Little Women

Last night we went to watch the new Little Women, which is excellent. Aesthetically beautiful, poignant, funny. The cinema was full. One of those communal experiences easily dismissed as corny. All of us laughed at once; everybody sobbed together. In Little Women the characters prioritise kindness keenly and encounter in forgiveness the only way to find some peace in themselves. ‘Anger is an acid that can do more harm to the vessel in which it is stored than to anything on which it is poured,’ said Mark Twain, and this story is a balsam, a lesson on well-being and self-care. 

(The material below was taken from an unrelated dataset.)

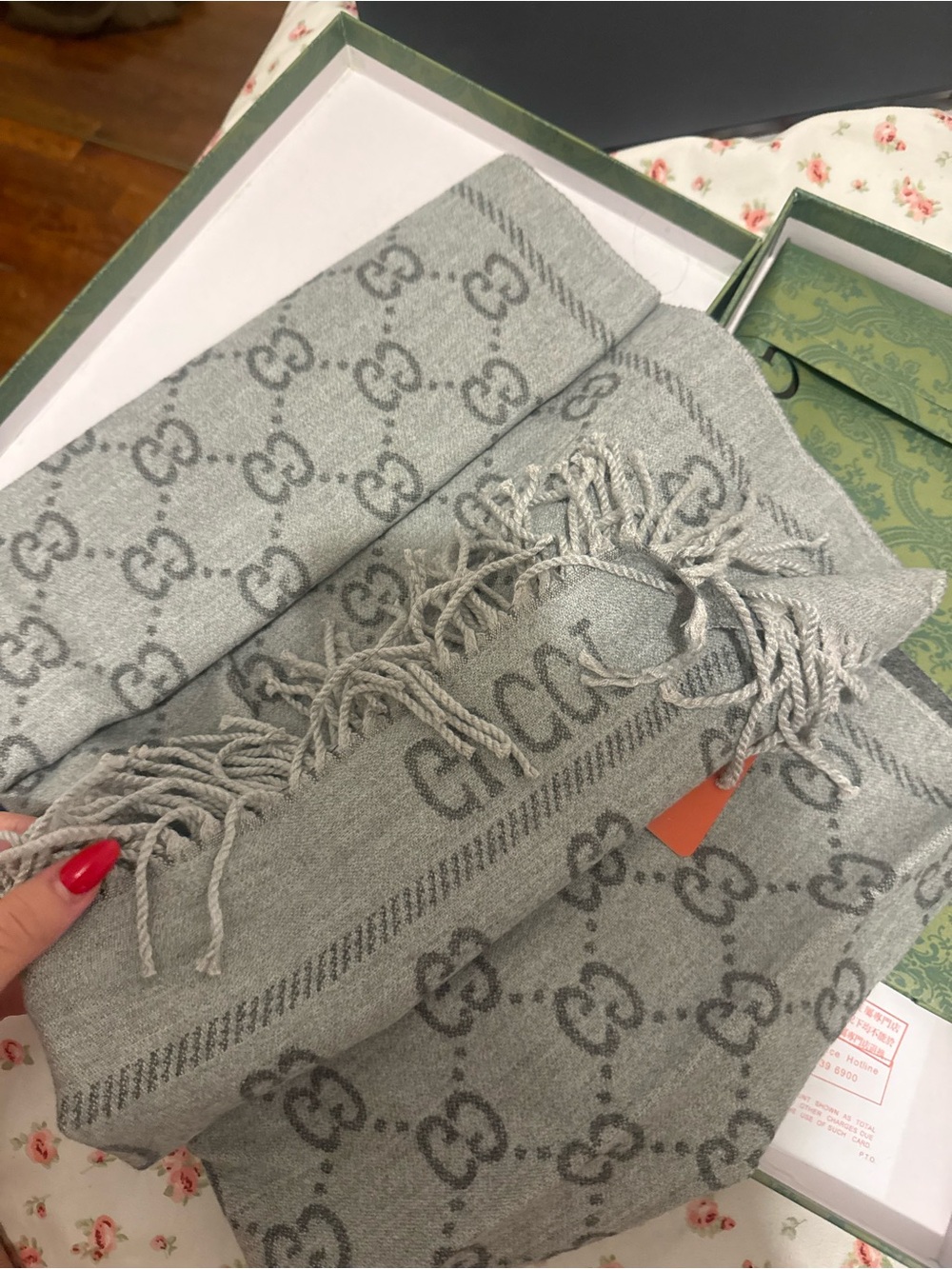reversible scarf - Picture 3 of 9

Still, the film is being partially ignored without nominations for the big awards. Having watched three of the five candidates for the Bafta Best Director gives me a good idea of what’s going on. The Irishman, Joker and Once Upon a Time in Hollywood are eminently masculine, and in the three of them, the main characters actively prefer meanness over any goodness. I find Tarantino’s and Philip’s irritatingly shallow, whereas Scorsese’s is an outstanding wrap-up of a career that explored the roots of toxic masculinity. The conclusion is crystal clear, the price of being cruel with those around you is utter loneliness at the end of one’s life.

‘Find out what makes your kinder, what opens you up, and brings out the most loving, generous, and unafraid version of you — and go after those things as if nothing else matters. Because, actually, nothing else does.’ George Saunders, 2013 speech at Syracuse University.